Required work: Output all of the records word for word and drop the images.

Exercise materials:
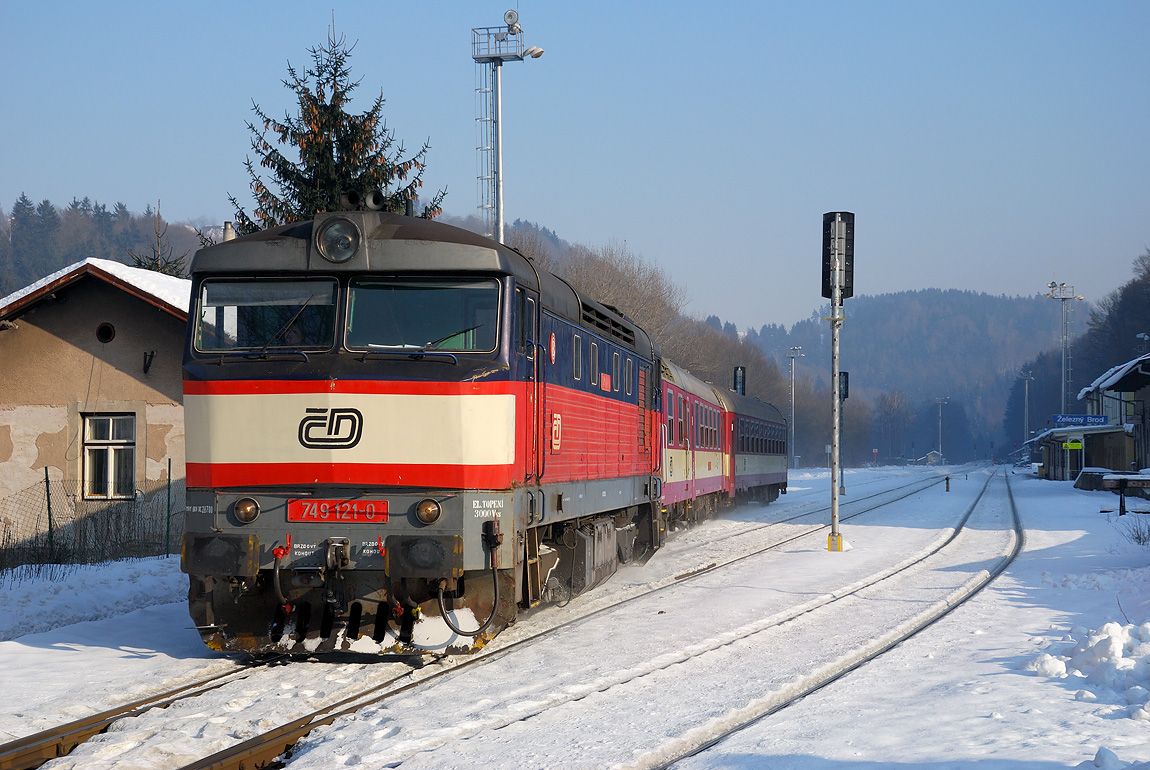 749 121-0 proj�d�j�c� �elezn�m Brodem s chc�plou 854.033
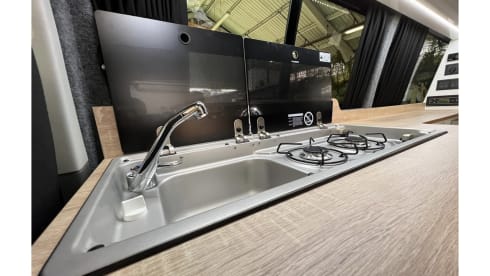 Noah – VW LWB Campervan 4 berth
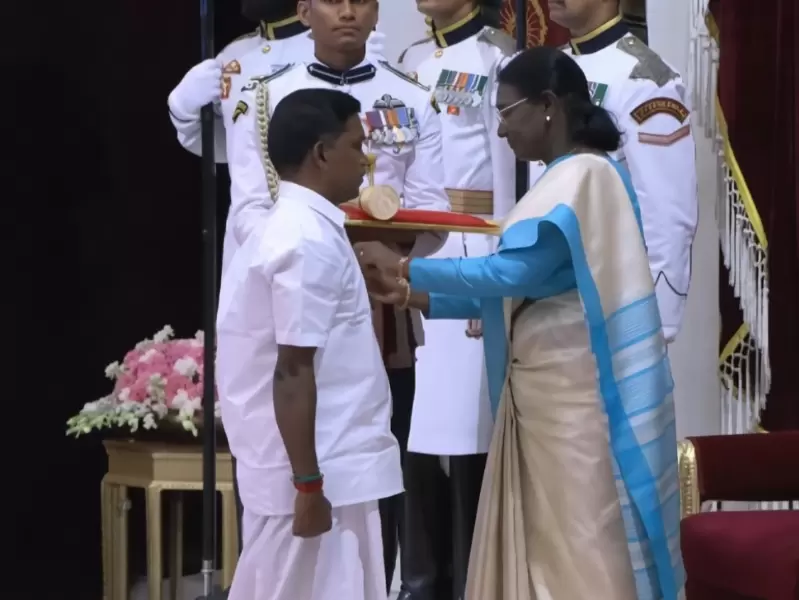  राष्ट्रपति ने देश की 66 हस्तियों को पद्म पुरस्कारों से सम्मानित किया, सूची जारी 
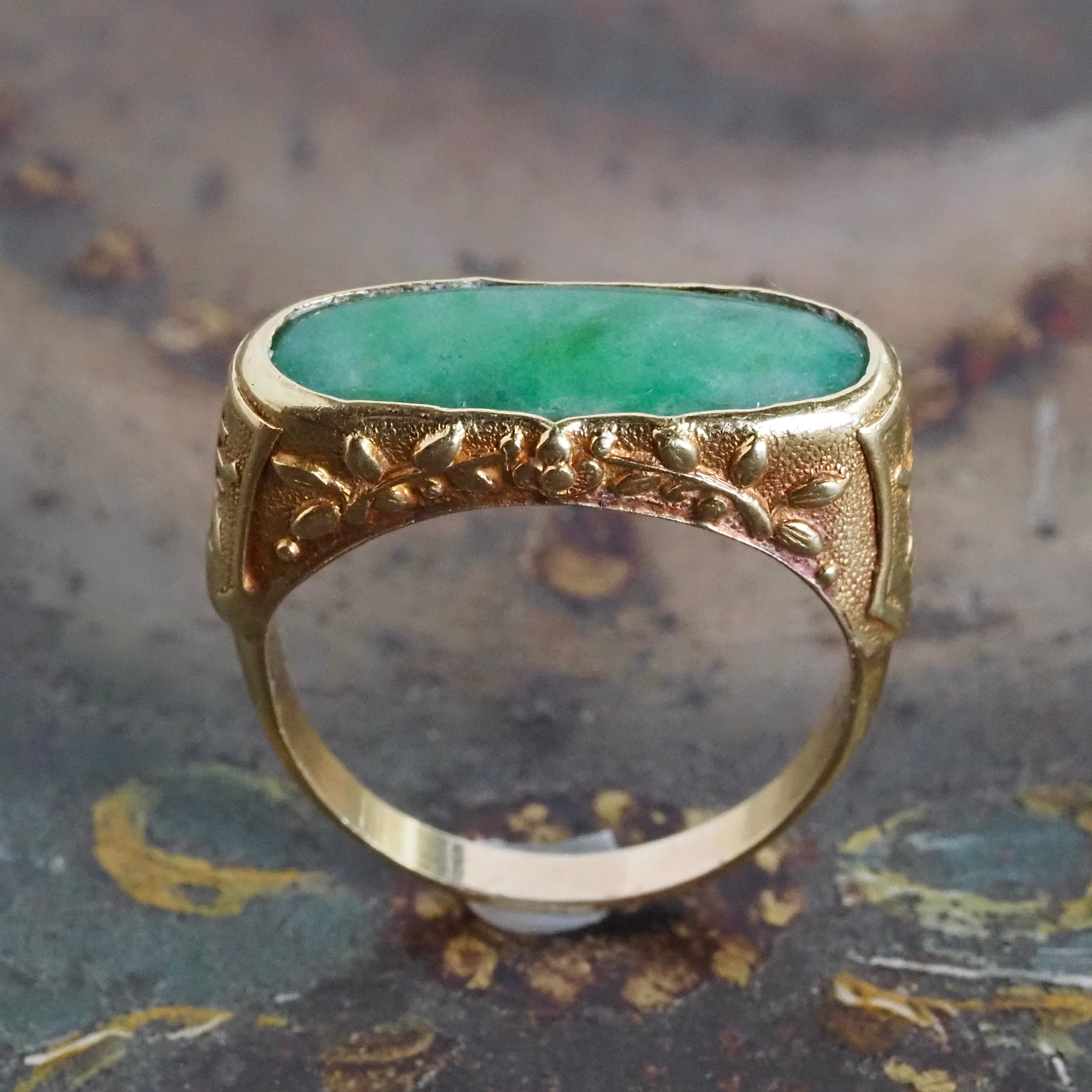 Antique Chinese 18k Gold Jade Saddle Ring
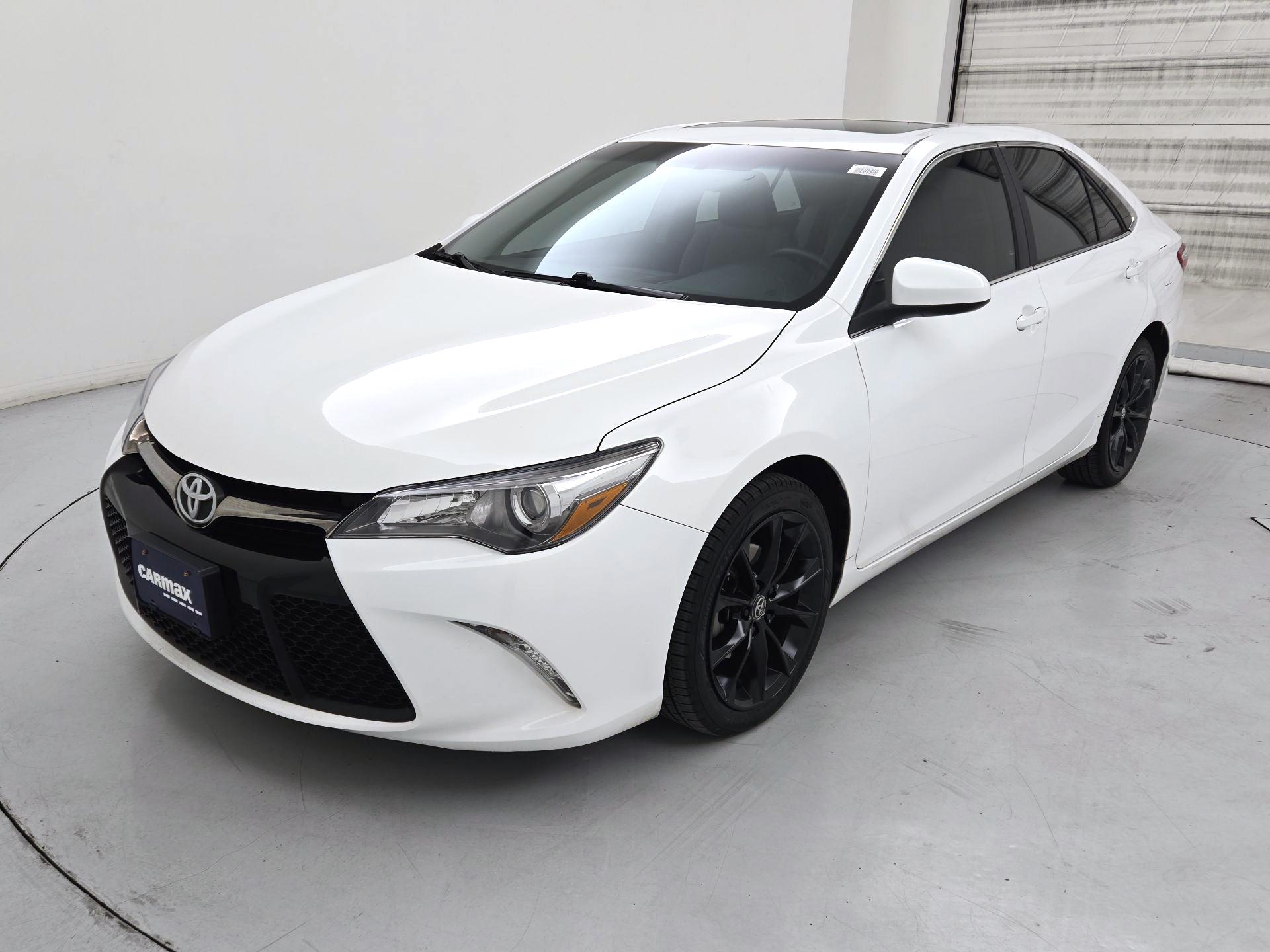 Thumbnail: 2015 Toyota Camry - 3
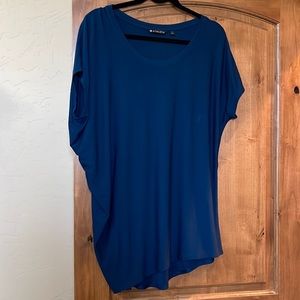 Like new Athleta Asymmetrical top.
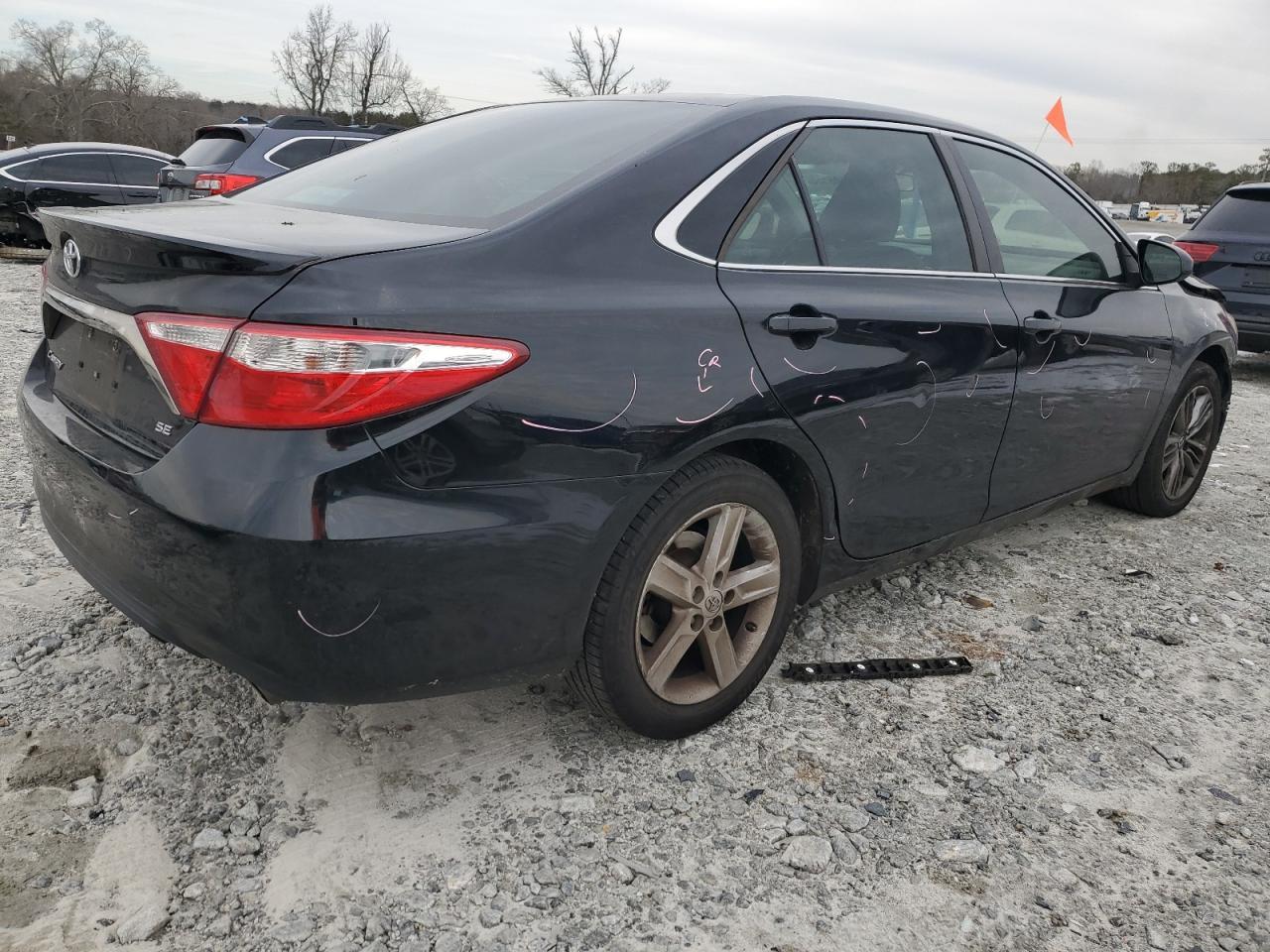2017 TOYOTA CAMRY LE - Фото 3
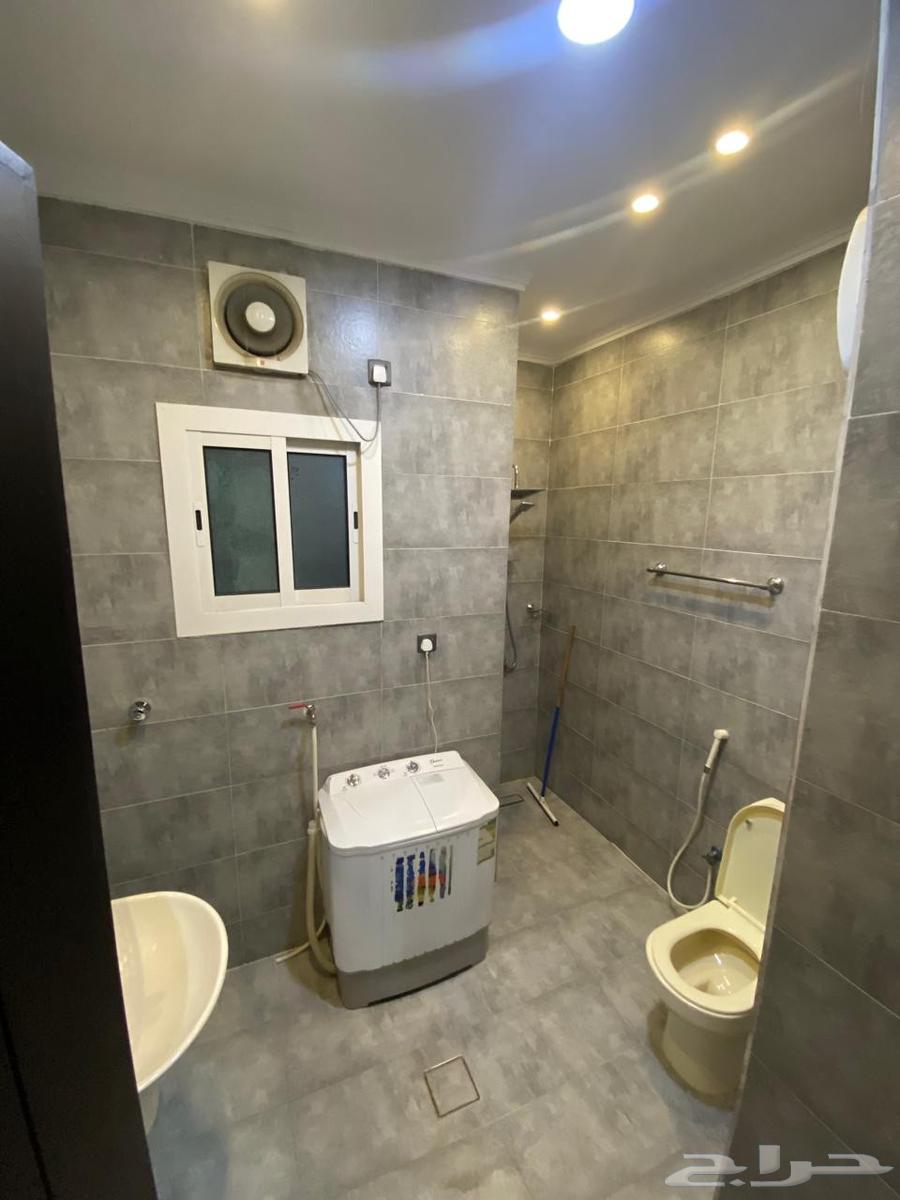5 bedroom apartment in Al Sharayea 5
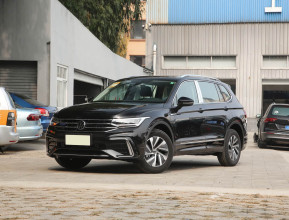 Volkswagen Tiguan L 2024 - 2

Response to this task:
 749 121-0 proj�d�j�c� �elezn�m Brodem s chc�plou 854.033
 Noah – VW LWB Campervan 4 berth
  राष्ट्रपति ने देश की 66 हस्तियों को पद्म पुरस्कारों से सम्मानित किया, सूची जारी 
 Antique Chinese 18k Gold Jade Saddle Ring
 Thumbnail: 2015 Toyota Camry - 3
 Like new Athleta Asymmetrical top.
2017 TOYOTA CAMRY LE - Фото 3
5 bedroom apartment in Al Sharayea 5
 Volkswagen Tiguan L 2024 - 2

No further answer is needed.